Питирим так жалостно увещевал, что у многих в Крестовой палате расслабилось сердце и потянуло на слезы. Сам же патриарх запышкался от долгой говори, в горле пересохло, и то ли от волнения, иль от снежной завирухи, что вдруг разыгралась на воле, иль от жарко натопленной ценинной печи, но только вскружило у Питирима голову, а глаза накрыло кисейной паволокой, так что лицо боярыни, только что казавшееся нагим, скуластым, как у ногайской жонки, вдруг расплылось и стало жирным, ноздрястым, как у восточного бая.

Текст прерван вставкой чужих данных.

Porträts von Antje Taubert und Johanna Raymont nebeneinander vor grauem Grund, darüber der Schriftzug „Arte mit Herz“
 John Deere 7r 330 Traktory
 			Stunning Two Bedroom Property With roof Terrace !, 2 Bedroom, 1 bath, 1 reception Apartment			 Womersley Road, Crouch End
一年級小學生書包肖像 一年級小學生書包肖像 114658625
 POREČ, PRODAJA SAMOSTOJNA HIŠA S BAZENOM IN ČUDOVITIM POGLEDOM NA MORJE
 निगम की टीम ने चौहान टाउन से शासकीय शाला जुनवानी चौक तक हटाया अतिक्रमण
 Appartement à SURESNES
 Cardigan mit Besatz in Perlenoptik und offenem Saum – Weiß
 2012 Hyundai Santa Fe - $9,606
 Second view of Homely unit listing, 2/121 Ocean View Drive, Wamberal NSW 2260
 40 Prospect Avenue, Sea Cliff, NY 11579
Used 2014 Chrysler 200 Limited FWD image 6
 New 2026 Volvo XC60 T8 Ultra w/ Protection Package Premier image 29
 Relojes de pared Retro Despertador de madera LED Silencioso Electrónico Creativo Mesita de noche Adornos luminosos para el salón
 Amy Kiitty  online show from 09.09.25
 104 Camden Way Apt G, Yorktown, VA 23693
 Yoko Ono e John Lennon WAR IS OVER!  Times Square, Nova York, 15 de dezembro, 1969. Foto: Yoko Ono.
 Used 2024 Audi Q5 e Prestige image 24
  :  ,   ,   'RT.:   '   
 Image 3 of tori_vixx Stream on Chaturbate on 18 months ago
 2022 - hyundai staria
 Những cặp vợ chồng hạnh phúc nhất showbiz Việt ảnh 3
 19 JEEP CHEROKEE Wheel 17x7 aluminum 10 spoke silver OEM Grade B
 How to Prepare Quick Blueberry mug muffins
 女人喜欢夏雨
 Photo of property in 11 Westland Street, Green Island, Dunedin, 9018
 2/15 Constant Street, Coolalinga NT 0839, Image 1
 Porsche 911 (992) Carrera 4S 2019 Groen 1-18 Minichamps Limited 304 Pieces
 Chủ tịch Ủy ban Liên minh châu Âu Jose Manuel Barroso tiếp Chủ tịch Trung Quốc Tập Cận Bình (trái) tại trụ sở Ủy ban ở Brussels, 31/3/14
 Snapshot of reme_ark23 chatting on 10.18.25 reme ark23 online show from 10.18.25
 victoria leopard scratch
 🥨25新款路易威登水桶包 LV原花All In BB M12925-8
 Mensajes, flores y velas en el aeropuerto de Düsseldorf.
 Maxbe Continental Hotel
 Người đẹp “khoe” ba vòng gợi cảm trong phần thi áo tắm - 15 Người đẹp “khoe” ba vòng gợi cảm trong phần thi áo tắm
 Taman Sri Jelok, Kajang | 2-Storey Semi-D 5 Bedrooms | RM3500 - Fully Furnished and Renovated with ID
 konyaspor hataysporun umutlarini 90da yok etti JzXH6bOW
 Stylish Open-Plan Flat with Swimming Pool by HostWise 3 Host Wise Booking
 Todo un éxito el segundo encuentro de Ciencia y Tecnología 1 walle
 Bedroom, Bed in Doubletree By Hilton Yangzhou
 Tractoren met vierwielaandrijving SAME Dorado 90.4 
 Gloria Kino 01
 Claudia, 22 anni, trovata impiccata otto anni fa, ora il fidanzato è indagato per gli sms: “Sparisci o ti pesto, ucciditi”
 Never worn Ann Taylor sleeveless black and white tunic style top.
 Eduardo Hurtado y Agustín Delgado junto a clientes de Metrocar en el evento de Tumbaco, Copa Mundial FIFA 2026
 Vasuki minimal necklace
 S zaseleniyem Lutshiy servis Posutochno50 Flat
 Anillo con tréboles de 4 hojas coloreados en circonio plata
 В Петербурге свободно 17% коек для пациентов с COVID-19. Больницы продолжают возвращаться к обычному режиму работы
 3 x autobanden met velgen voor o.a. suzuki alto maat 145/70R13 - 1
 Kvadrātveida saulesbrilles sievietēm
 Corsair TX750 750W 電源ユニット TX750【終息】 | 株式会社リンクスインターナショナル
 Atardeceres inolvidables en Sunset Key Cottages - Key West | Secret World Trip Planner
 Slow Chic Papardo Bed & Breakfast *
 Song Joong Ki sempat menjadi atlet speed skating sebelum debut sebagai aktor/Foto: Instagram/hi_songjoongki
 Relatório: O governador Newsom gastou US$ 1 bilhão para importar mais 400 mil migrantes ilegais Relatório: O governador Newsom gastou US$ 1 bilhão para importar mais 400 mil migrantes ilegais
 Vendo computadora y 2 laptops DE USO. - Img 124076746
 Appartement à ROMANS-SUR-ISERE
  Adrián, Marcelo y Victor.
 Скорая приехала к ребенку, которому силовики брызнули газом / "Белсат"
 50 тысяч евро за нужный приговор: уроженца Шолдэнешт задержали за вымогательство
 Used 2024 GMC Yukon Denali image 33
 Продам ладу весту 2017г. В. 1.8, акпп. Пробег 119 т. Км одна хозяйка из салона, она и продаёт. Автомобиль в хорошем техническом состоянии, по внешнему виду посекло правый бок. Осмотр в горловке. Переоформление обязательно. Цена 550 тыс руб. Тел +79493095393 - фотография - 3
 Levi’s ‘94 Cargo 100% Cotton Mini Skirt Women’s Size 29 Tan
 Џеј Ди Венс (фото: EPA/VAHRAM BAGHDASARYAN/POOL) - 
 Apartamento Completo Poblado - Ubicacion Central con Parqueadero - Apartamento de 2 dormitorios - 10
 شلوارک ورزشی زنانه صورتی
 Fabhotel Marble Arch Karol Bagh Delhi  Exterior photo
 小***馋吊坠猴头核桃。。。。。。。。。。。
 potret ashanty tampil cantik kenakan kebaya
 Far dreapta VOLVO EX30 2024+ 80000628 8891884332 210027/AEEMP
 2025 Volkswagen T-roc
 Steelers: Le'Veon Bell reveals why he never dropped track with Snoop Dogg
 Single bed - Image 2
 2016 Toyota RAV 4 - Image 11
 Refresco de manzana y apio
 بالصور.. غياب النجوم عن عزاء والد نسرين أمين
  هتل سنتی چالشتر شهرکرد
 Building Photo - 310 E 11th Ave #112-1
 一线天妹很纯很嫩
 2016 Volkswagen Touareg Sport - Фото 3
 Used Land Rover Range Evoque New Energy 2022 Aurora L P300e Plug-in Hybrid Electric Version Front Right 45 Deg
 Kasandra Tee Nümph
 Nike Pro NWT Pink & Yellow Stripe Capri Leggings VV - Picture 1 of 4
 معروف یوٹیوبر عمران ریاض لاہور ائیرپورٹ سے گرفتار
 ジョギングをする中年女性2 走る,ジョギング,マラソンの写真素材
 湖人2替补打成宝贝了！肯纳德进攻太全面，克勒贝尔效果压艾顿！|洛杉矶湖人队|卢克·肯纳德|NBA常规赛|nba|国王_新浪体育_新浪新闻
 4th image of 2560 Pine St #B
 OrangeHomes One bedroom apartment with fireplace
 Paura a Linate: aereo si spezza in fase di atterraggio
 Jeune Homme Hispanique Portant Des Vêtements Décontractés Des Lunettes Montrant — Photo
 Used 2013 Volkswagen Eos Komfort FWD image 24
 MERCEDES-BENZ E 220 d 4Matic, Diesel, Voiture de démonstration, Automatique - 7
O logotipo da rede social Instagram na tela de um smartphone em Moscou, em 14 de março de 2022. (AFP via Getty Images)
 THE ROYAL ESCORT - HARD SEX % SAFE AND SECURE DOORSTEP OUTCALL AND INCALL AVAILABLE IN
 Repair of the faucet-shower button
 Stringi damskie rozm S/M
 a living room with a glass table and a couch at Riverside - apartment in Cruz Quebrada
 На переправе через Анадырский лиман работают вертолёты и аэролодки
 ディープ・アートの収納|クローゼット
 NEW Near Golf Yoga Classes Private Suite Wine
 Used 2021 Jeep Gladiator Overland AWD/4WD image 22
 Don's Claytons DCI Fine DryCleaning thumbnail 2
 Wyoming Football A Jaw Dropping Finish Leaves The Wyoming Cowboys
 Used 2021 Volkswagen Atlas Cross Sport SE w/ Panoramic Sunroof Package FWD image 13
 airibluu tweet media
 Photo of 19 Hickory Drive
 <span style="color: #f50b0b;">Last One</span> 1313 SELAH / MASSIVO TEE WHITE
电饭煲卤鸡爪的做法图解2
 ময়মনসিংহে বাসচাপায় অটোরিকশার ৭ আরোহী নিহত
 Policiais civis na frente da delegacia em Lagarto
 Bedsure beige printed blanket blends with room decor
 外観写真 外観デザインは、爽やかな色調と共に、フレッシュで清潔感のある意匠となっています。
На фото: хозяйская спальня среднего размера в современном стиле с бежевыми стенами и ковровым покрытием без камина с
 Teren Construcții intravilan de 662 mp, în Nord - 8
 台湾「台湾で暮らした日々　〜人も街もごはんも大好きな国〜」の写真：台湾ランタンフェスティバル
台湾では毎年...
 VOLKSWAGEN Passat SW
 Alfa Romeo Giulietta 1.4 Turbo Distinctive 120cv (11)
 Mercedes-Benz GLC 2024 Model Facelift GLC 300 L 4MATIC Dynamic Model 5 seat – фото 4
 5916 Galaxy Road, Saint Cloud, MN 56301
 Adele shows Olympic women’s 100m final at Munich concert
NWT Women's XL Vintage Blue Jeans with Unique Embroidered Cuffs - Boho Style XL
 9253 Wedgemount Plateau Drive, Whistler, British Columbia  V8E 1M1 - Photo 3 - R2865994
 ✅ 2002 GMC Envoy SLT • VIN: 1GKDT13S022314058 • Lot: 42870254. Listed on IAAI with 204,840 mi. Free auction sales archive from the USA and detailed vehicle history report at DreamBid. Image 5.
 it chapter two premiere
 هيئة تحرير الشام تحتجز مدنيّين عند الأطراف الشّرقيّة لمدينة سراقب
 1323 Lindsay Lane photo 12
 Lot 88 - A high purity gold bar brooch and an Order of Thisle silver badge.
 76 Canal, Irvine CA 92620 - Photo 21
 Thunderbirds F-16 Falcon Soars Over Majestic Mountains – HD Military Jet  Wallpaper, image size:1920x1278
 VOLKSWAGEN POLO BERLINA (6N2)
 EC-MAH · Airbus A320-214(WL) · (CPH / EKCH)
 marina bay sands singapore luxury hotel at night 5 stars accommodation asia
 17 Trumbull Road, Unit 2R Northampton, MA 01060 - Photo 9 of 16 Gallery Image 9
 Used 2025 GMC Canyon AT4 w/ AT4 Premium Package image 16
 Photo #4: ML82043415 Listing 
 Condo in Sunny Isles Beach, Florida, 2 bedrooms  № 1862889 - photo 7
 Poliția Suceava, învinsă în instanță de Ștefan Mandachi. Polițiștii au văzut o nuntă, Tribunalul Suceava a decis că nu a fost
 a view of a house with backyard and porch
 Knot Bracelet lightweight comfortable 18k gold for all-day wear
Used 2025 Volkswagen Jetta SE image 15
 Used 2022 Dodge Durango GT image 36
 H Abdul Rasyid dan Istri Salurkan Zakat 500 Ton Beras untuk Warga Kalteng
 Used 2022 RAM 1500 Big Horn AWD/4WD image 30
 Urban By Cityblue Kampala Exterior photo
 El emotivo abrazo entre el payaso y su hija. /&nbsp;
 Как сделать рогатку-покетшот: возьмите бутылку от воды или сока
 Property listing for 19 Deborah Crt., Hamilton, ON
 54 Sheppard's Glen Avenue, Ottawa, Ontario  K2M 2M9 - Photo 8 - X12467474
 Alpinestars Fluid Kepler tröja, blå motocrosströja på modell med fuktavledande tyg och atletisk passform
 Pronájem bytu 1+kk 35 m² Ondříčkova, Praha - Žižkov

И, глядя на суровую вдову, отрешенно уставившуюся себе в ноги, Питирим с внезапной радостью понял, что скоро умрет. И слава Богу, что не он затеивал раскол, не он заводил новины, кроил тесное платье на иноземный толк, а строптивых вчинивал в костер и сажал на плаху. Скоро, уж скоро горелым потянет со всех углов России, вот и этой еретнице придется испекчись на угольях… Питирим отчего-то вдруг зажалел не Морозову, но себя, и заплакал, как ребенок. Но тут же и опамятовался, протянул руку, и келейник услужливо и понятливо вложил в ладонь шелковую фусточку…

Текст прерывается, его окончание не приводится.